Introduction and Motivation

The paper introduces a query-based black-box optimization framework for attacking LLMs in scenarios where only textual outputs are available. This setting is increasingly prevalent in production deployments, where API providers restrict access to model internals such as logits or token-level probabilities. The proposed method leverages the introspective capabilities of LLMs by prompting them to perform binary comparisons between candidate inputs, thereby extracting a calibrated optimization signal for adversarial input generation. The approach is demonstrated across three attack domains: adversarial examples for vision-LLMs, prompt injections, and jailbreaks.
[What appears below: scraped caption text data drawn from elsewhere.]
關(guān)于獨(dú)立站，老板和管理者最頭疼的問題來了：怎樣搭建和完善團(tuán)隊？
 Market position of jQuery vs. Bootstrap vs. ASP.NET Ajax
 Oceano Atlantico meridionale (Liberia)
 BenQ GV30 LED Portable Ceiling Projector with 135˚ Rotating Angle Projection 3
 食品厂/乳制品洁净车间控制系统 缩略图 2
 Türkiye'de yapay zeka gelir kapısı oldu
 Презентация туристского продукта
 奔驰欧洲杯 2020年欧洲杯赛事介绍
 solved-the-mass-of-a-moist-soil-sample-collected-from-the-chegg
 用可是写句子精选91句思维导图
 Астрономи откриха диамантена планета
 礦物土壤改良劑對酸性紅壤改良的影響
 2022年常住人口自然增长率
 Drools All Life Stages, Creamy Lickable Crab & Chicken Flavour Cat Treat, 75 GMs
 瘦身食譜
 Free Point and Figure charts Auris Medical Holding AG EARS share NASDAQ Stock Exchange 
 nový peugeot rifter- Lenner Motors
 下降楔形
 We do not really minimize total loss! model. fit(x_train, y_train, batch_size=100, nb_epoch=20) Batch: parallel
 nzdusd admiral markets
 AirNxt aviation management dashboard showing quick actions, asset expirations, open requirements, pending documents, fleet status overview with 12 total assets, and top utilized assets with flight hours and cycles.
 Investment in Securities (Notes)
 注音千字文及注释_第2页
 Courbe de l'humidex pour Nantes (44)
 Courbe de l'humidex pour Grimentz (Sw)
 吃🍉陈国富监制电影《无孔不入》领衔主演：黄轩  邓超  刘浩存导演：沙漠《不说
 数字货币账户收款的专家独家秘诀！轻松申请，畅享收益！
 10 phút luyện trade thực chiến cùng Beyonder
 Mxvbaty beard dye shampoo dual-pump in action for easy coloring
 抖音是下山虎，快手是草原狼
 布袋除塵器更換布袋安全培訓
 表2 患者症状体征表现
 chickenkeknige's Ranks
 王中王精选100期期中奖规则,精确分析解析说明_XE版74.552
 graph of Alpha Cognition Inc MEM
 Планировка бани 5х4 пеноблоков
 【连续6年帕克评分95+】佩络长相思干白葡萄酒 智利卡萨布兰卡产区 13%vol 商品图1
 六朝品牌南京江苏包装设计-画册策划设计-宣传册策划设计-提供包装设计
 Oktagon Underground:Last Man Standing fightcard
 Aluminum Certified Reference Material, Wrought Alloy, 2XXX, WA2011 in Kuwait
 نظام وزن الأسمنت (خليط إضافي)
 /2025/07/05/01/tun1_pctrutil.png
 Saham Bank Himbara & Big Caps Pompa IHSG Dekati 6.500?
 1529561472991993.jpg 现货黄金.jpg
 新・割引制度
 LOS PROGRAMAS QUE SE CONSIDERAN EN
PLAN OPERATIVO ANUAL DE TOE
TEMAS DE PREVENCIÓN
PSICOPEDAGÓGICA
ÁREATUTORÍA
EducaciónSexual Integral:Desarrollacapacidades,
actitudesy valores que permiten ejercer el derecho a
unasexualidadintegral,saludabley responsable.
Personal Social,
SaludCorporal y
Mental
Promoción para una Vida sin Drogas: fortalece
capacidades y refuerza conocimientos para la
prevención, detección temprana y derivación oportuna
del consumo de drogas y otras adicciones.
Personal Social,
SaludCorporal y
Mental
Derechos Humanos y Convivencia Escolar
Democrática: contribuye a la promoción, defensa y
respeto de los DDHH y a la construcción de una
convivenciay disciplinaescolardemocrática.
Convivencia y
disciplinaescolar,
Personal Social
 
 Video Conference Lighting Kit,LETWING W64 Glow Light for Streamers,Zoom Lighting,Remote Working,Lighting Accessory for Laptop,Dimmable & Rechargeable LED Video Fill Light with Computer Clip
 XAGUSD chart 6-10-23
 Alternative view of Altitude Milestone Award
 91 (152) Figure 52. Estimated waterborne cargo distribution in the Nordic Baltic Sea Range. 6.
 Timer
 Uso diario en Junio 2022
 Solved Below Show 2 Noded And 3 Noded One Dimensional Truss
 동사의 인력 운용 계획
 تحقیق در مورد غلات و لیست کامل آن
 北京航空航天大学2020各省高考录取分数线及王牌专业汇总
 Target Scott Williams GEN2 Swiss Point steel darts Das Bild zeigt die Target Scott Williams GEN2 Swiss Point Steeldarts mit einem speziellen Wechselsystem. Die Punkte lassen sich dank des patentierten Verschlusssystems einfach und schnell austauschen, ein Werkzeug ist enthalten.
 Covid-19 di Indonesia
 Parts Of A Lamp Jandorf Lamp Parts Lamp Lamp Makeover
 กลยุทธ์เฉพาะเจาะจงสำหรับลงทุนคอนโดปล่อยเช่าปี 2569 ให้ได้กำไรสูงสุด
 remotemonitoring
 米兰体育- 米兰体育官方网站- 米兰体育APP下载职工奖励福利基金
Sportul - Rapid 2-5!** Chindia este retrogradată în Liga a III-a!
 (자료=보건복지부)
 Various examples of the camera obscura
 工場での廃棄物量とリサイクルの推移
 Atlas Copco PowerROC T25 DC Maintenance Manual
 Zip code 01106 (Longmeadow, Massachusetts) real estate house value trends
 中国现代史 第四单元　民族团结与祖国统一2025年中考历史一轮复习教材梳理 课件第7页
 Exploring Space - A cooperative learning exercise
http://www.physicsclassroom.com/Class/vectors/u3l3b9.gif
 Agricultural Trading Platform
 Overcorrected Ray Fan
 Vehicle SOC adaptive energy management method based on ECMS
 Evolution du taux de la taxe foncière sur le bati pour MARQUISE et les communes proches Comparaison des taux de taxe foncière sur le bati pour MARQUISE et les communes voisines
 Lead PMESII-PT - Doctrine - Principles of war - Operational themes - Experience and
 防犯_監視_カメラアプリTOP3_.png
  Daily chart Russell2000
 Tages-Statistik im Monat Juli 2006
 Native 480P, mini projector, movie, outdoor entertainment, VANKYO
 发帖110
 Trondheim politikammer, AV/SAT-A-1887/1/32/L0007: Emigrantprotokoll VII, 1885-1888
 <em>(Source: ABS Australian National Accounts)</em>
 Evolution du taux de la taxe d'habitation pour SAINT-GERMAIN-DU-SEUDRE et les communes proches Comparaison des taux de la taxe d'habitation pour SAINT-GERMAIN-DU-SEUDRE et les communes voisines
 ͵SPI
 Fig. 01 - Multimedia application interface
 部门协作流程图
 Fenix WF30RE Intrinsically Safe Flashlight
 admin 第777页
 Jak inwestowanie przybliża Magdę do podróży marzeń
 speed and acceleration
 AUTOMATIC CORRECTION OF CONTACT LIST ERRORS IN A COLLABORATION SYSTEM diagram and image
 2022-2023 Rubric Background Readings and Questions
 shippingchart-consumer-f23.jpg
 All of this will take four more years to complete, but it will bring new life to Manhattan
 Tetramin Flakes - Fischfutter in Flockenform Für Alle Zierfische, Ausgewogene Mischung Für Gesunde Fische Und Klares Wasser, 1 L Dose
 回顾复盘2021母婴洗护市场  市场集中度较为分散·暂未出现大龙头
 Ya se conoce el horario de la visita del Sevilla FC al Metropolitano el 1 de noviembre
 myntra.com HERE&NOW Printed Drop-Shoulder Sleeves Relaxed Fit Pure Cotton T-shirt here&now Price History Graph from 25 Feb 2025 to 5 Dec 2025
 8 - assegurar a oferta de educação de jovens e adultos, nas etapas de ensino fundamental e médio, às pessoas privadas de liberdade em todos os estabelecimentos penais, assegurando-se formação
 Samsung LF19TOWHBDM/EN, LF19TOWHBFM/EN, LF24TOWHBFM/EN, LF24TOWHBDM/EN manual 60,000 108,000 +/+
Figure 1: Illustration of the optimization pipeline for adversarial examples, jailbreaks, and prompt injections using binary comparison queries.

Methodology: Query-based Black-box Optimization

Problem Formulation

The attack is formalized as an iterative optimization problem. Given a target model $\mathcal{M}$ , an initial input $x$ , and an attack goal $\mathcal{G}$ , the objective is to find an adversarial input $x^{\text{adv}}$ such that $\mathcal{M}(x^{\text{adv}}) \in \mathcal{G}$ , subject to domain-specific constraints (e.g., $\ell_\infty$ norm for images, suffix length for text).

Optimization Signal Extraction

A key insight is that LLMs are poorly calibrated when asked for absolute confidence scores, often responding with extreme or uninformative values. In contrast, when prompted to compare two inputs and select the one closer to the attack goal, models exhibit significantly better calibration. This enables a hill-climbing optimization strategy: at each iteration, a perturbed candidate is generated and the model is queried to select the preferred input. If the candidate is preferred, it becomes the new iterate.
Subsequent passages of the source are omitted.